There’s no question that our planet is warming as the result of human activity. One obvious strategy to slow down this warming is to reduce greenhouse gas emissions — something that has thus far garnered more talk than action. It has been eight years since nearly 200 nations signed the Paris Agreement to limit the global temperature increase to 1.5 degrees Celsius (2.7 degrees Fahrenheit) above pre-industrial levels, a feat that experts believe is unlikely to be achieved, as many nations remain reliant on fossil fuels, and emissions remain high. Meanwhile, 2023 was the hottest year on record.

So what else can be done? One provocative idea that’s been floated for several decades is geoengineering — basically, large-scale technological interventions to change the Earth’s environment or atmosphere to counter the effects of global warming.

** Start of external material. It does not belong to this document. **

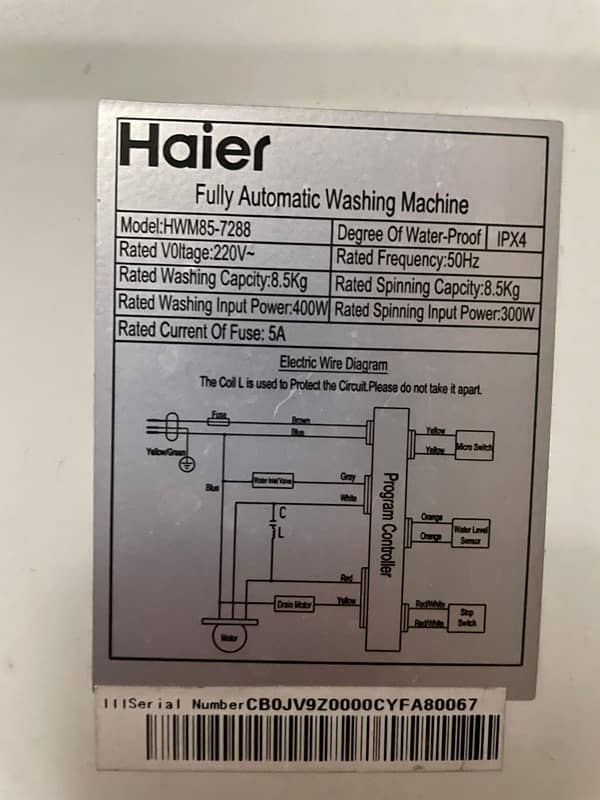 Haier fully automatic washing machine 8.5kg 1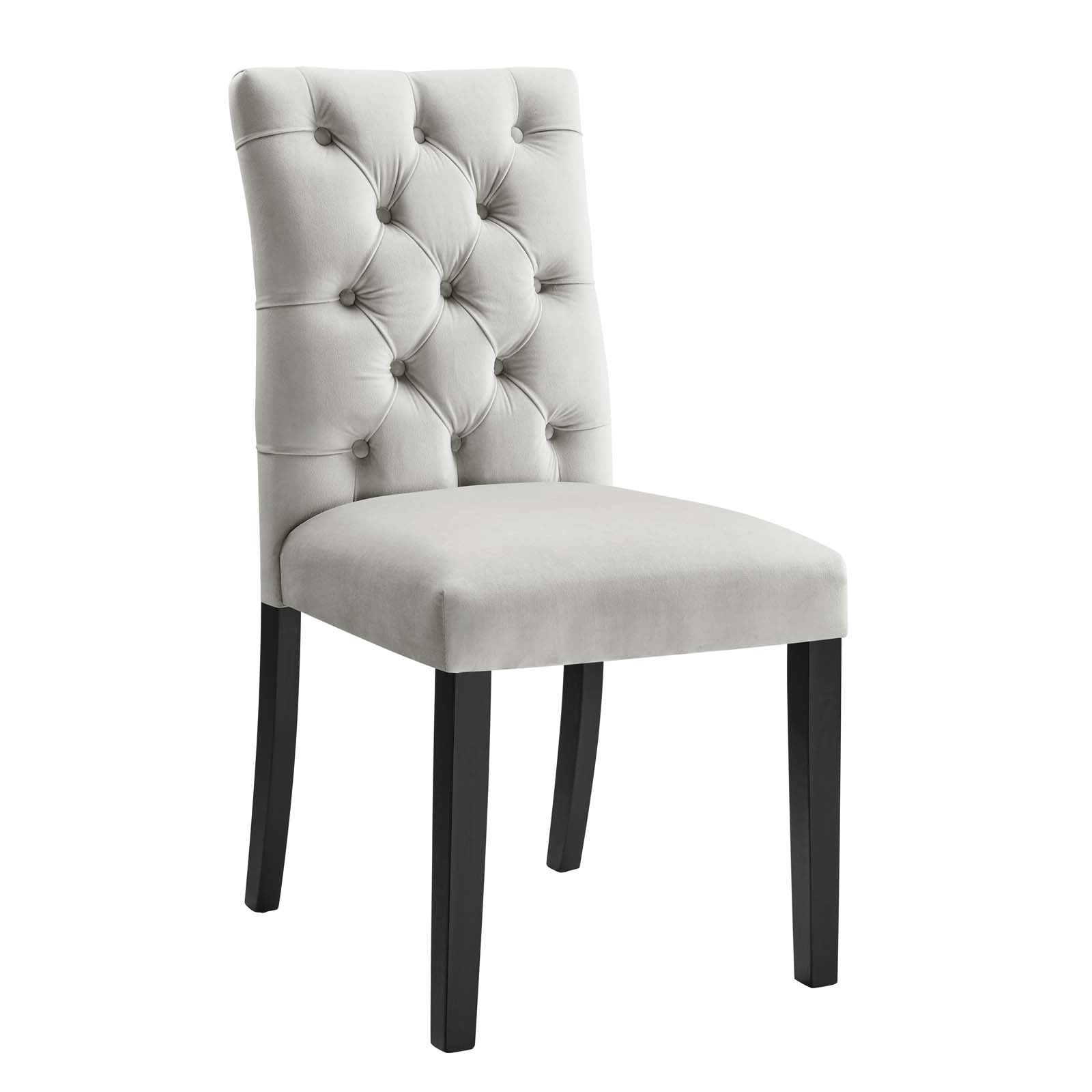 Modway Dining Chairs - Duchess Performance Velvet Dining Chairs - Set of 2 Light Gray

Rob Bellamy specializes in the interaction between climate and society, and he’s particularly interested in how solutions to climate change are perceived, evaluated, and governed.

Visual: Courtesy of Rob Bellamy

Geoengineering proposals have come in various forms, but the most talked-about ideas involve solar geoengineering: reducing the amount of solar radiation that reaches the Earth by reflecting some of the sun’s light back into space, or by allowing more heat to escape the atmosphere. One way of doing that would be to inject a chemical such as sulfur dioxide into the atmosphere, increasing the atmosphere’s reflectivity (sometimes called stratospheric aerosol injection). Other ideas under this umbrella have also been put forward — for example, spraying seawater aerosols into clouds above the ocean (“marine cloud brightening”) or spraying silver iodide into high cirrus clouds, triggering precipitation which in turn would thin the clouds and allow more heat to escape (“cirrus cloud thinning”).

Such tinkering with Earth’s climate has always been controversial; last September, a panel of experts called for a moratorium on geoengineering efforts. At the same time, others have suggested the idea at least needs to be researched, so that if it one day becomes necessary, scientists will better understand its possible effects.

Rob Bellamy, a lecturer in climate and society in the geography department at the University of Manchester, specializes in the interaction between climate and society; he’s particularly interested in how solutions to climate change are perceived, evaluated, and governed. He’s also playing a leading role in an effort called Co-CREATE, a three-year European Commision-funded project investigating strategies for responsible research into geoengineering.

Our interview was conducted over Zoom and has been edited for length and clarity.

Undark: As concerns over climate change become more urgent, is interest in geoengineering increasing?

Rob Bellamy: Yes, I think it is. It tends to go through waves. So there was this whole interest in it, recently, I suppose, kicked off by the Nobel Laureate Paul Crutzen in 2006, when he published a quite influential article on climatic change, when he was arguing that we should be looking at stratospheric aerosol injection.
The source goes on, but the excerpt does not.